Das angefochtene Urteil wird dahin abgeändert, dass die Entscheidung des Erstgerichts einschließlich seiner Kostenentscheidung wiederhergestellt wird.
Die klagende Partei ist schuldig, der beklagten Partei binnen 14 Tagen deren mit 1.740,72 EUR (darin 290,12 EUR USt) bestimmten Kosten des Berufungsverfahrens und deren mit 1.253,88 EUR (darin 208,98 EUR USt) bestimmten Kosten des Revisionsverfahrens zu ersetzen.
Text
Entscheidungsgründe:
Die Klägerin war seit 1999 Alleingesellschafterin und Geschäftsführerin einer GmbH. Sie ist auf den Gebieten Buchhaltung, Lohnverrechnung und Bilanzwesen sachkundig. Sie arbeitete durchwegs Vollzeit für die GmbH, stellte im Jahr 2006 aber nur 300 EUR monatlich hiefür in Rechnung, für das Jahr 2009 war sie als geringfügig angestellte Geschäftsführerin bei der Gebietskrankenkasse gemeldet.

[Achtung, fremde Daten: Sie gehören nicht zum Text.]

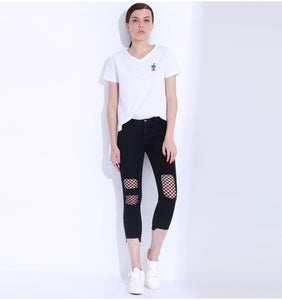 Casual Black Net Hole Denim Pants - SexyBling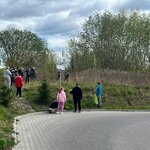 Na zdjęciu widać grupę dorosłych i dzieci stojących przy zarośniętym terenie obok parkingu. Niektórzy trzymają worki co może sugerować wspólne porządkowanie okolicy. 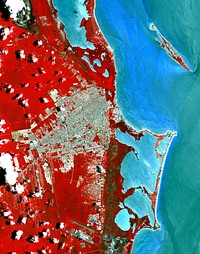 Cancun, a resort city on the east side of Mexico&#39;s Yucatan Peninsula. Original from NASA. Digitally enhanced by rawpixel.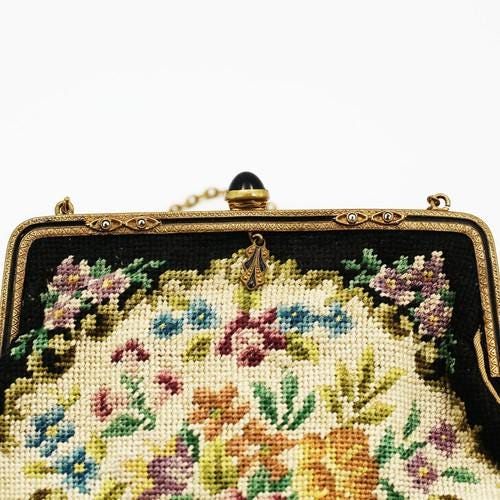 アンティークオーストリアのプチポワン刺繍イブニングクラッチバッグ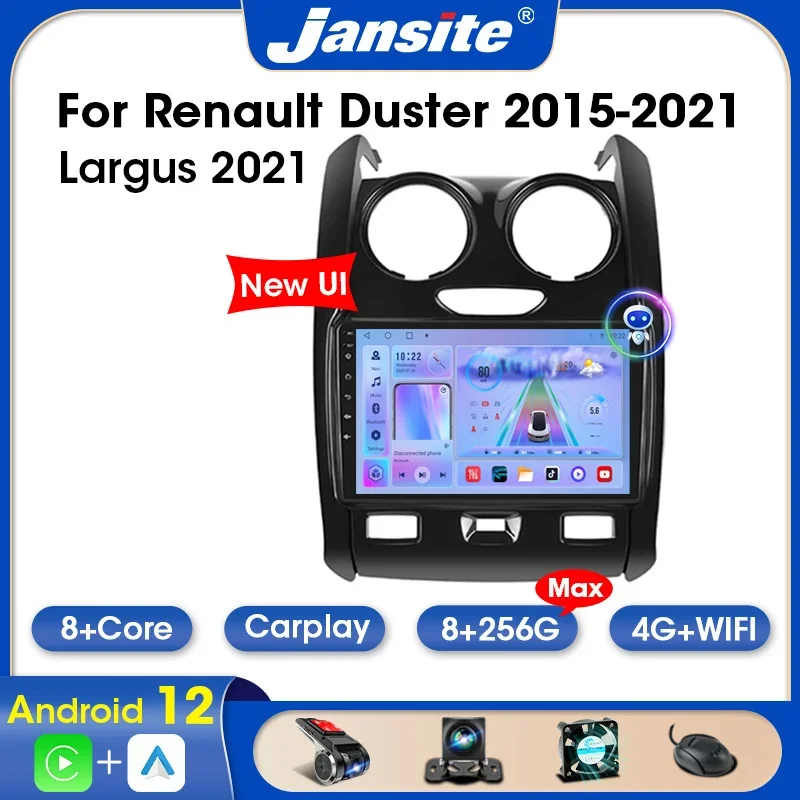 

Jansite 2 Din Android 12 Car Radio For Renault Duster 2015-2021 For LADA Largus 2021 Multimedia Video Player Carplay Auto DVD BT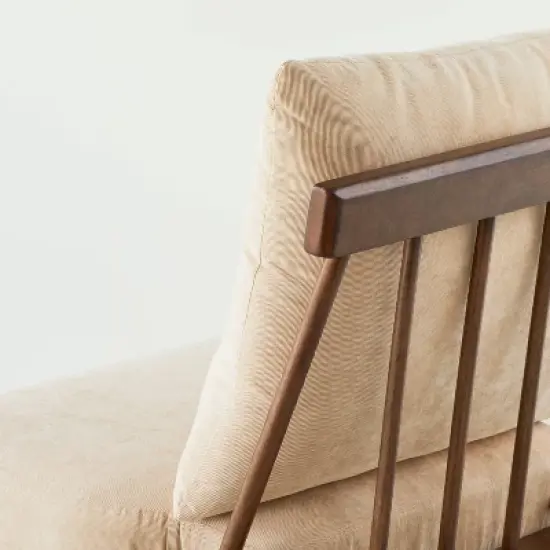 Spindle Back Accent Chair with Cushions Brown/Cream - Hearth & Hand&trade; with Magnolia image {4}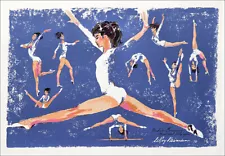 Leroy NEIMAN Olympics Gymnast Nadia 1976 Original Serigraph Print 30-1/2 x 17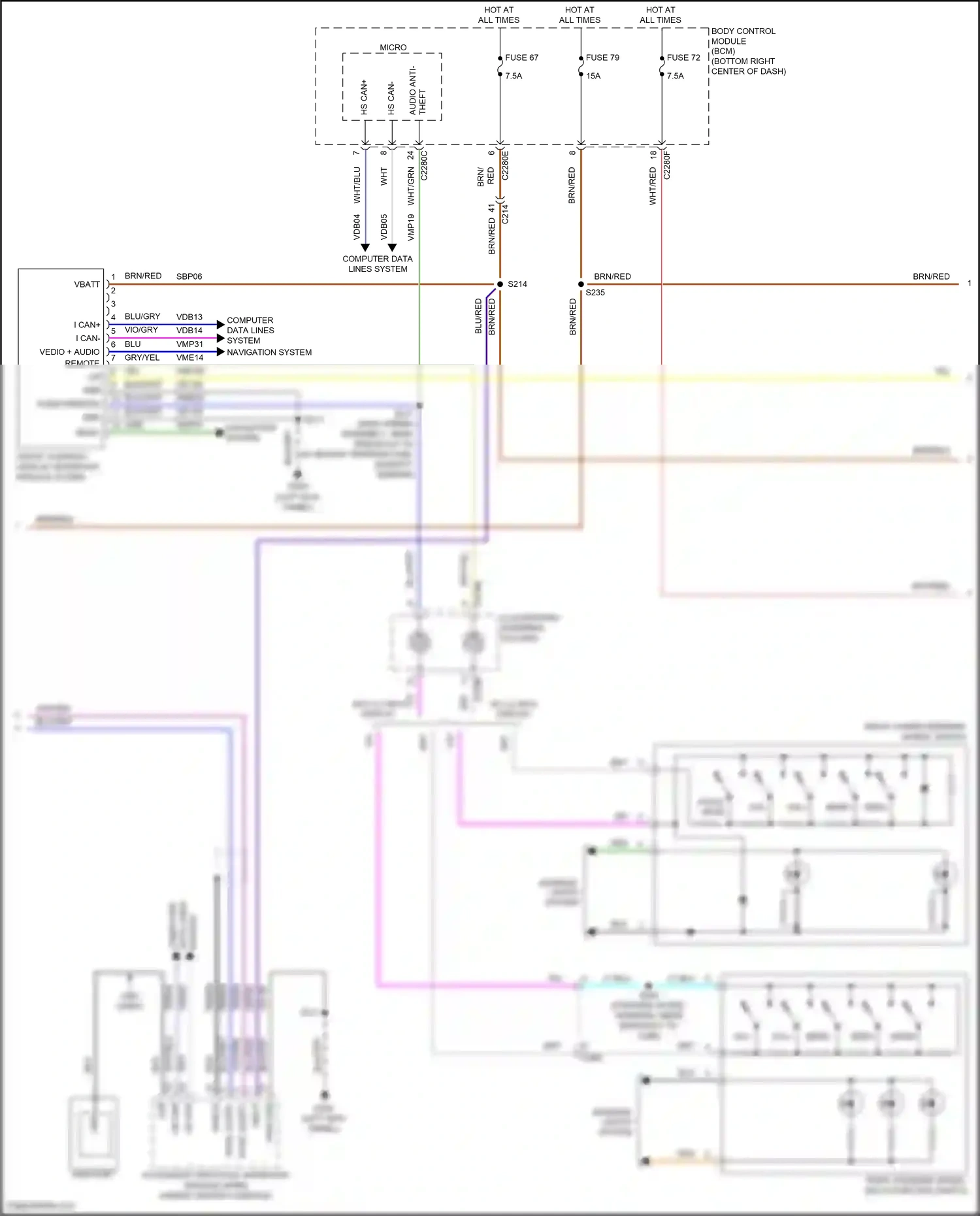 Ford Kuga II (2012-2016) right steering wheel multi-function switch wiring diagram  (3 of 7)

Die Beklagte ist die Tochter der Klägerin, sie hat den Beruf der Krankenschwester erlernt. Sie arbeitete ab dem Jahr 1999 unentgeltlich im Unternehmen ihrer Mutter mit. 2005 und 2006 stellten sie und ihr damaliger Mann dem Unternehmen oder der Klägerin für das Unternehmen immer wieder Geldbeträge zur Verfügung, die sie nicht zurückerhielten. Seit 2006 war die Beklagte mit 1.700 EUR monatlich im Unternehmen angestellt, ihre Aufgaben waren Kundenbetreuung, Akquisition, Lagerverwaltung und Personal. Eine kaufmännische Ausbildung hat sie nicht. Den Überblick über die finanzielle Lage des Unternehmens hatte nur die Klägerin, die die Beklagte in die Buchhaltung, Bilanzerstellung, Lohnverrechnung und andere finanzielle Belange kaum einbezog.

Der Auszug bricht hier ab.